Thursday, May 21, 2020

Asked & Answered: Breaking into Entertainment Law

We recently had the opportunity to interview Katrina Brede, attorney and shareholder at Bracepoint Law, to get an inside perspective on practicing in entertainment law. If you’re interested in learning more about media law, or practicing in this exciting area, here’s what Katrina had to share:

Q: In a typical day, what type of work do you do?

A: It varies—the interesting thing about entertainment law is that it’s essentially just business law with an oftentimes more exciting product, and my day-to-day work really depends on where the client is in their production cycle.

For example, I might be working with client who is at the beginning of their project. Maybe they have a script in place and interested investors, but they need to form a company. Sometimes clients will already have investment, or a finished product, and need advice on contracts like distribution agreements. There’s not a strict daily regimen and a lot of it comes down to client management and providing services to meet client needs at a particular point in time.

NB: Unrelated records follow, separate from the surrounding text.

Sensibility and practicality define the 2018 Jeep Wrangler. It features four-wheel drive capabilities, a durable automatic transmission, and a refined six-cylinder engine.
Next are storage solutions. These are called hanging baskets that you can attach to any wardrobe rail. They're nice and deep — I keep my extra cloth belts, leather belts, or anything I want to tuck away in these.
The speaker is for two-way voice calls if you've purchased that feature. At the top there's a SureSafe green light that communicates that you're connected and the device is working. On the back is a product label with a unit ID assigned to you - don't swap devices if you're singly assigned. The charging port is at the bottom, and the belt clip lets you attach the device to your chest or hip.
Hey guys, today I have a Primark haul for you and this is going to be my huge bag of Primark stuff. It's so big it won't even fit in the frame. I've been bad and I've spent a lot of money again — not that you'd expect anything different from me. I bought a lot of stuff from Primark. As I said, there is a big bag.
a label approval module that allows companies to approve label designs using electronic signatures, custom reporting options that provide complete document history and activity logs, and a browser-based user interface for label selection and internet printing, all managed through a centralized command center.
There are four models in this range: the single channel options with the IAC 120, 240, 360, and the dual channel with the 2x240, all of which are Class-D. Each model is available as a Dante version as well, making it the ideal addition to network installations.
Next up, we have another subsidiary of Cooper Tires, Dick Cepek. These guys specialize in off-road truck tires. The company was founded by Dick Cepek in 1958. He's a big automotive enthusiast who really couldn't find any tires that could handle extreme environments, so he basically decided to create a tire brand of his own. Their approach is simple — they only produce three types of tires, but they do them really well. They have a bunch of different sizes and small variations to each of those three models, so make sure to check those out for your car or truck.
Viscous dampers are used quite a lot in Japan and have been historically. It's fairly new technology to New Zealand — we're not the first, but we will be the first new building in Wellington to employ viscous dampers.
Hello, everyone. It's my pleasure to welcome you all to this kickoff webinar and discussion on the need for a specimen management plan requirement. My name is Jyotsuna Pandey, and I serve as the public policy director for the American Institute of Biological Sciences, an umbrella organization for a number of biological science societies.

Q: What are your favorite aspects of practicing in entertainment law?

A: I love starting at the beginning with a client if possible, and that would be true for start-up companies as well. I love working with partners on formation and hashing out the operating agreement. At the beginning of a film, everyone is excited about getting their project going, and I am the kind of lawyer who loves working with people when they are at their optimistic best. That’s really my favorite thing.

I’m very excited when my clients find success and when their film gets a distribution deal and gets seen by an audience. I particularly like the partnership and growth aspects of my practice—and of course, I love being entertained, too.

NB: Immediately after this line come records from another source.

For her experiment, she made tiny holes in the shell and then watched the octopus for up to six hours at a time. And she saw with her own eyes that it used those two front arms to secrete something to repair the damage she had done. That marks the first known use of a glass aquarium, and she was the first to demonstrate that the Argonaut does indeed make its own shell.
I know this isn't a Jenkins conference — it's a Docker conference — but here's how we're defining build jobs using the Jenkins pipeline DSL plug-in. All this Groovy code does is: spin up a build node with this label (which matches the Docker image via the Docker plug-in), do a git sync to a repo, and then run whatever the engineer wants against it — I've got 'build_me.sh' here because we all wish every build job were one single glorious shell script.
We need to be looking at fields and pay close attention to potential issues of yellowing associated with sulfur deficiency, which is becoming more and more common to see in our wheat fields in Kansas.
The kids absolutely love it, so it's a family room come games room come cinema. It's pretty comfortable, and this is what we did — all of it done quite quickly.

Q: Maybe you could share a little bit about a recent project that you found particularly exciting or engaging?

A: One thing I want to stress for attorneys who may be interested in entertainment law is,

There is almost always someone, somewhere doing an interesting project that has great ambitions about where it might be distributed and can fund it.

It’s those unexpected projects with vision, funding and global ambition that don’t come from a studio or a well-known production company that I like the most. Equally, I love independent films that are scrappy, and maybe not well funded, but punch well above their weight. Because even though you’ve been in the grind with the filmmakers and know exactly what their resources and budget were, you get to see on the big screen and think, ‘holy cow that was fantastic’.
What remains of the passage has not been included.